Saltar al contenido
Ciencia

Científicos descubren por qué algunas personas escuchan voces que no existen: así falla el cerebro al distinguir la realidad de sus propios pensamientos

Un nuevo estudio revela el mecanismo cerebral que hace que algunas personas perciban su voz interna como si proviniera del exterior. El hallazgo podría cambiar la forma en que se diagnostica y trata la esquizofrenia.
Por

Tiempo de lectura 3 minutos

Comentarios (1)

Escuchar voces que nadie más oye es una de las experiencias más desconcertantes del cerebro humano. Para quienes lo viven, esas voces son tan reales como las de cualquier conversación cotidiana.
Un equipo de neurocientíficos de la Universidad de Nueva Gales del Sur (Sídney) acaba de identificar el fallo cerebral que explica por qué ocurre: el cerebro confunde la voz interna con la externa.


Un error de identificación dentro del cerebro

Las alucinaciones auditivas —escuchar voces sin un origen físico— son uno de los síntomas más frecuentes en personas con esquizofrenia.
Hasta ahora, se sabía que estaban relacionadas con una alteración en la percepción auditiva, pero no se entendía con precisión cómo el cerebro llegaba a “fabricar” esas voces.

El nuevo estudio, publicado en Schizophrenia Bulletin, ofrece una respuesta.
El equipo dirigido por Thomas Whitford reclutó a 142 participantes y analizó su actividad cerebral mediante electroencefalografía (EEG) mientras realizaban tareas de imaginación verbal.
Los voluntarios escuchaban sílabas a través de auriculares y debían imaginar palabras al mismo tiempo, sin saber si las coincidencias entre lo que pensaban y lo que oían eran reales o simuladas.

El objetivo: observar cómo el cerebro distingue los sonidos internos (pensamientos) de los externos (estímulos reales).

Científicos descubren por qué algunas personas escuchan voces que no existen: así falla el cerebro al distinguir la realidad de sus propios pensamientos
© FreePik

Cuando la mente confunde su propia voz con una ajena

En las personas sin antecedentes psiquiátricos, el cerebro mostró un patrón muy claro: cuando la voz interna coincidía con la externa, la actividad en la corteza auditiva se reducía.
Era la forma en que el cerebro se “avisaba” a sí mismo que ese sonido provenía de un pensamiento propio, no del mundo exterior.

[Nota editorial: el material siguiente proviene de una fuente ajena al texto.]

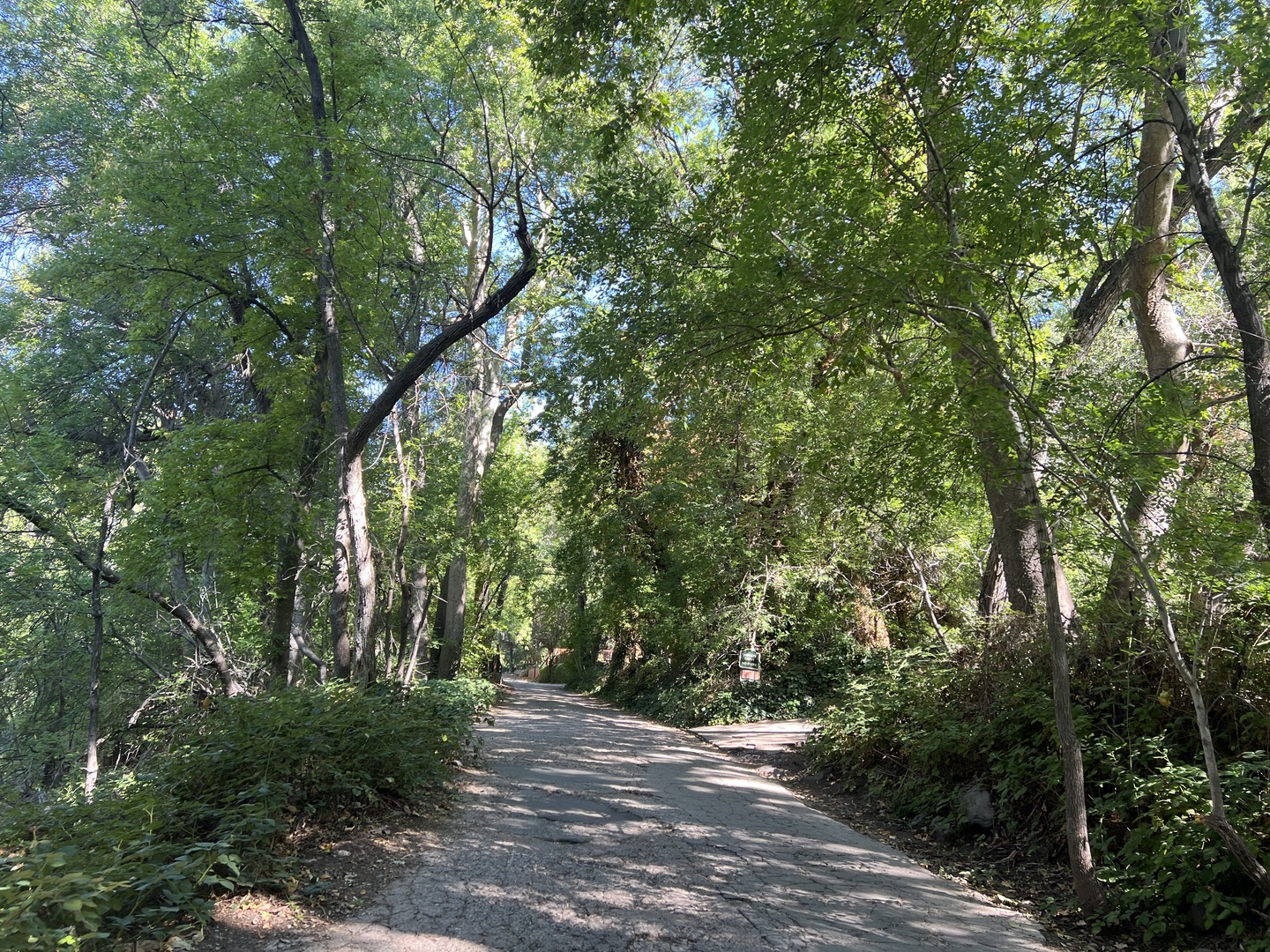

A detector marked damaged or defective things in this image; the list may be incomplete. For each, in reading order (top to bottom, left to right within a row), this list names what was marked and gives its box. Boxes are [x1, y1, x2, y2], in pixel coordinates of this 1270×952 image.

cracked asphalt road [310, 681, 1051, 945] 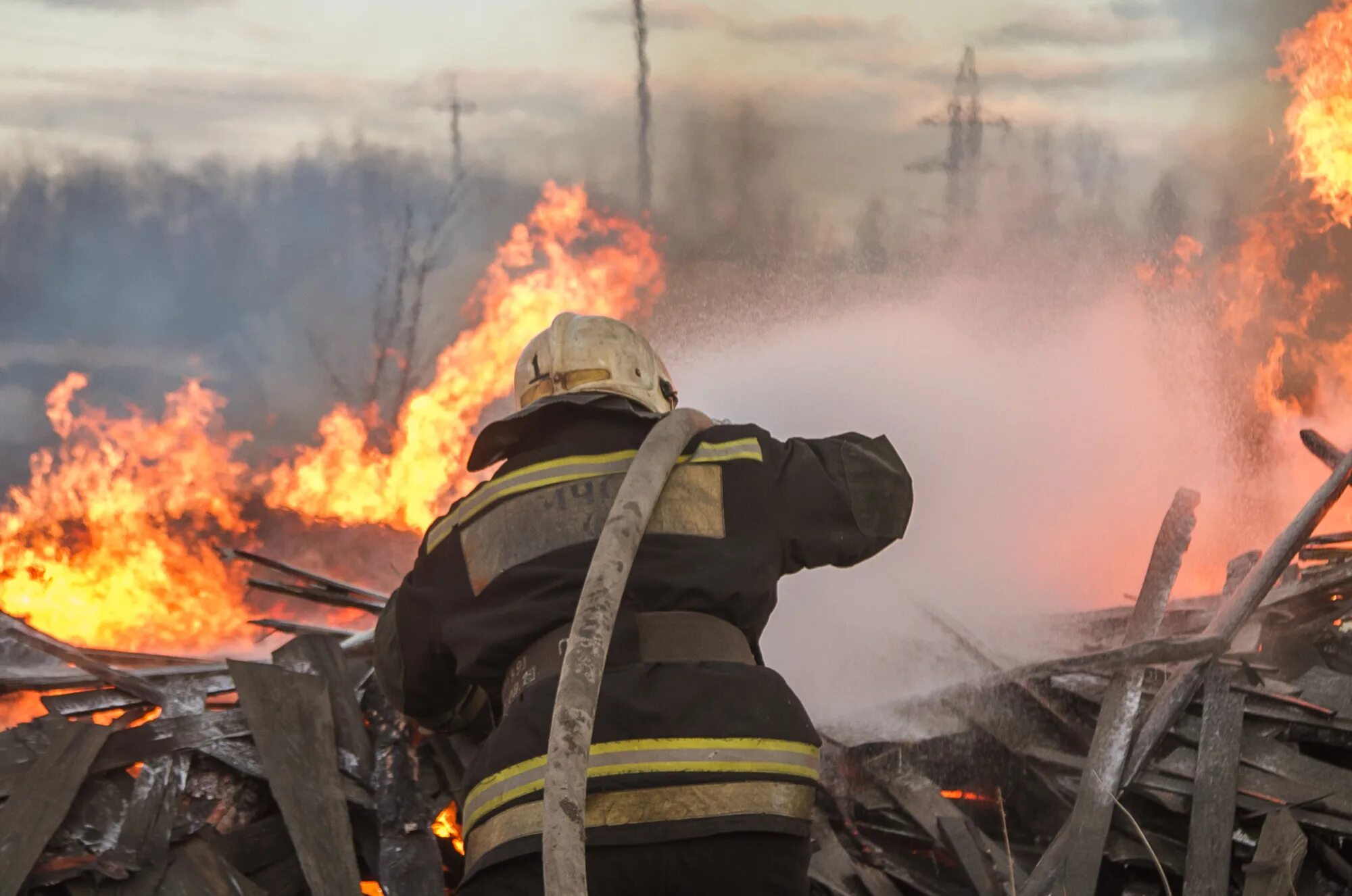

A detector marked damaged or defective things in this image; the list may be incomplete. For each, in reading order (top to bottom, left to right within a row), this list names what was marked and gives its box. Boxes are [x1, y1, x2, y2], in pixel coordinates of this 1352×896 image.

burnt wooden plank [0, 724, 111, 896]
burnt wooden plank [155, 843, 266, 896]
burnt wooden plank [228, 659, 365, 896]
burnt wooden plank [272, 630, 373, 784]
burnt wooden plank [362, 676, 441, 892]
splintered wood [0, 432, 1347, 892]
charred wood debris [0, 432, 1352, 892]
pile of burnt wood [2, 432, 1352, 892]
burnt wooden plank [941, 816, 1006, 896]
burnt wooden plank [1184, 665, 1244, 896]
burnt wooden plank [1238, 811, 1303, 896]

En cambio, en los participantes que habían experimentado alucinaciones auditivas recientes, ocurrió lo opuesto: la corteza auditiva se activó más intensamente.
El cerebro no reconocía la fuente interna del pensamiento y lo interpretaba como si viniera del entorno.

En palabras simples: la persona no distingue entre “mi mente está hablando” y “alguien me está hablando”.

Este error de atribución explica por qué algunas personas pueden escuchar voces con identidad, tono y contenido reconocibles, aunque provengan de su propia actividad mental.


Una voz interior que todos tenemos

Todos hablamos con nosotros mismos: planificamos, repasamos, debatimos decisiones en silencio. Esa “voz interna” activa las mismas regiones cerebrales que usamos para hablar en voz alta.
La diferencia está en que el cerebro sano genera una señal de predicción sensorial —una especie de etiqueta interna— que le dice: “esto lo generé yo”.

En los casos de esquizofrenia con alucinaciones auditivas, esa etiqueta falla.
El resultado es un fenómeno que los científicos llaman pérdida de monitoreo de la fuente, donde los pensamientos propios se experimentan como ajenos.

Científicos descubren por qué algunas personas escuchan voces que no existen: así falla el cerebro al distinguir la realidad de sus propios pensamientos
© FreePik

Hacia un diagnóstico más temprano y tratamientos personalizados

Los investigadores destacan que esta comprensión abre una nueva vía clínica.
La actividad cerebral registrada por EEG podría servir como biomarcador objetivo para identificar quiénes presentan un mayor riesgo de desarrollar alucinaciones auditivas antes de que aparezcan los síntomas.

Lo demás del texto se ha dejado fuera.